My husband and I have been married for five years with one kid but she is not his child. People might throw stones at me for this but I have my own reasons which are a result of my childhood.
My husband and I have been married for five years with one kid but she is not his child. People might throw stones at me for this but I have my own reasons which are a result of my childhood. My dad passed away when I was still young and my mum soon followed during the Genocide. In my family, my grandmother and I are the only people who survived. I stayed with her during my first year as a teenager but soon realised that I had to start fending for myself.

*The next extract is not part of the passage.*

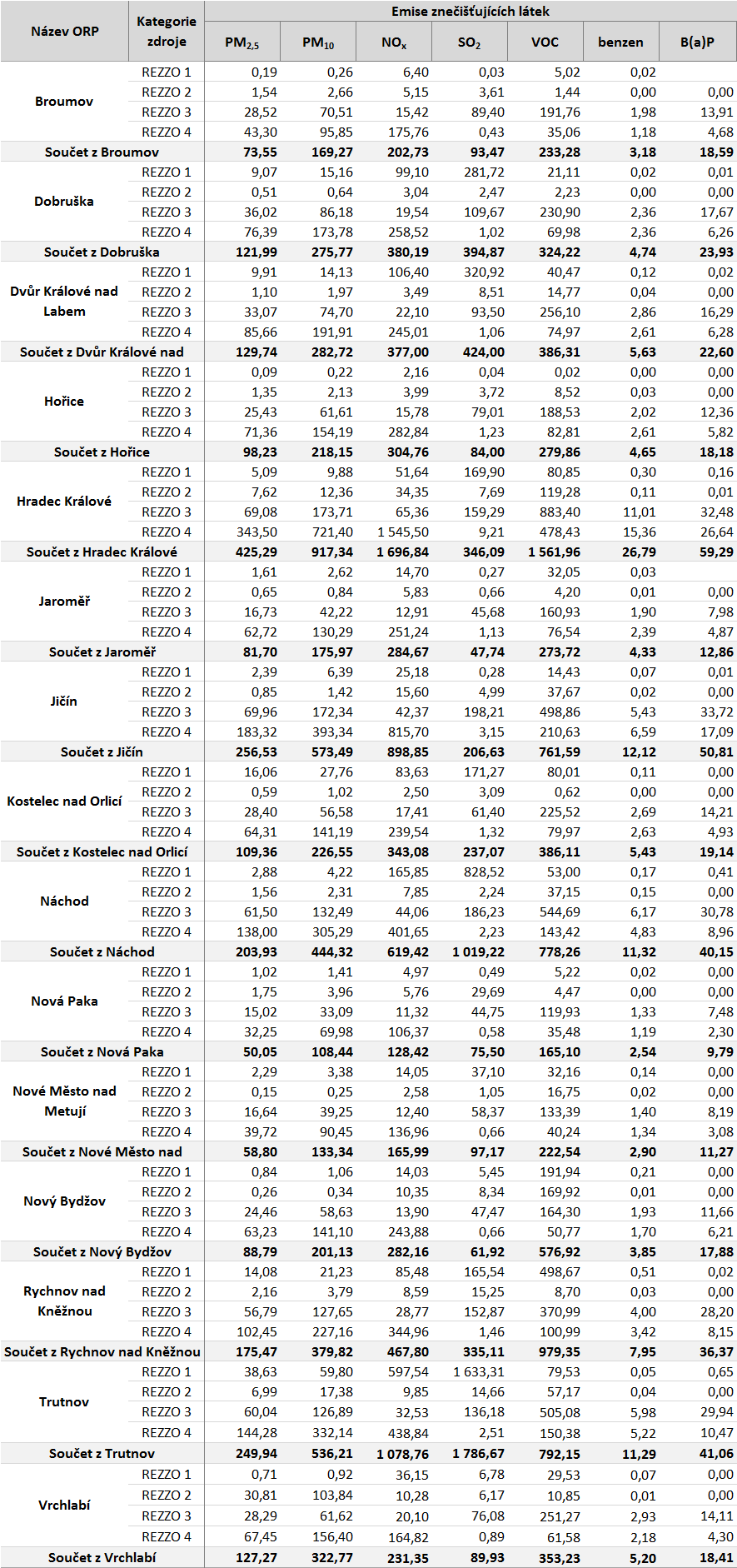 Tabulka 55: Emisní bilance stacionárních a mobilních zdrojů dle ORP,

During my high school years, guys constantly hit on me – even older men. It soon occurred to me that I was beautiful and thought that if I was to survive, my beauty would be my yardstick. In my senior six I was hanging out with men old enough to be my father. My body grew fast and I looked older than my actual age.
After secondary, I didn’t see myself joining university because of inadequate finances and my job at the time wasn’t sufficient enough to get me through university yet I was looking after my grandmother. So, how did I make it? I used my beauty to get to the top and as a fast learner, it wasn’t hard grasping office assignments but all these promotions came as a result of sleeping my way to the top.

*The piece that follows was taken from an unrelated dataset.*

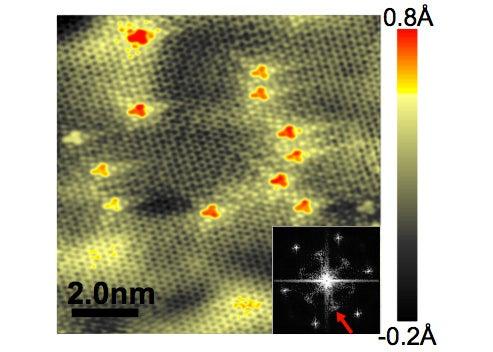 Graphene Doped with Nitrogen Atoms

At some point, a boss who wanted quality time with me without fear of being nabbed bought me a three bedroom house. Some of my bosses would give me more money than I was earning. This gave me an opportunity to look after my grandmother who was constantly inquisitive about the source of my income considering I was a secondary school drop-out.
In 2003, I met a very generous man who was willing to marry me. He was very rich and extremely hardworking but there was one-catch; I’m sorry to say but he was ugly. With all his riches and generosity I figured I had nothing to lose since most of the guys I was interested in didn’t seem ready to settle. We arranged a wedding and soon we walked down the aisle.
When the issue of getting a baby came up, I couldn’t stand my children looking as ugly as my husband. Every time we would try to get a baby, I would make sure I swallow a Postinor tablet immediately but would later have unprotected sex with an ex-boyfriend; he is handsome and kind-of-dark like my husband. I got pregnant and gave birth to a beautiful baby girl. My husband loves this child so much that at times it hurts me that the child is not his.
My husband has never suspected anything. My girl is three years now and she is growing into a beautiful girl. As they say, "The end will justify the means”.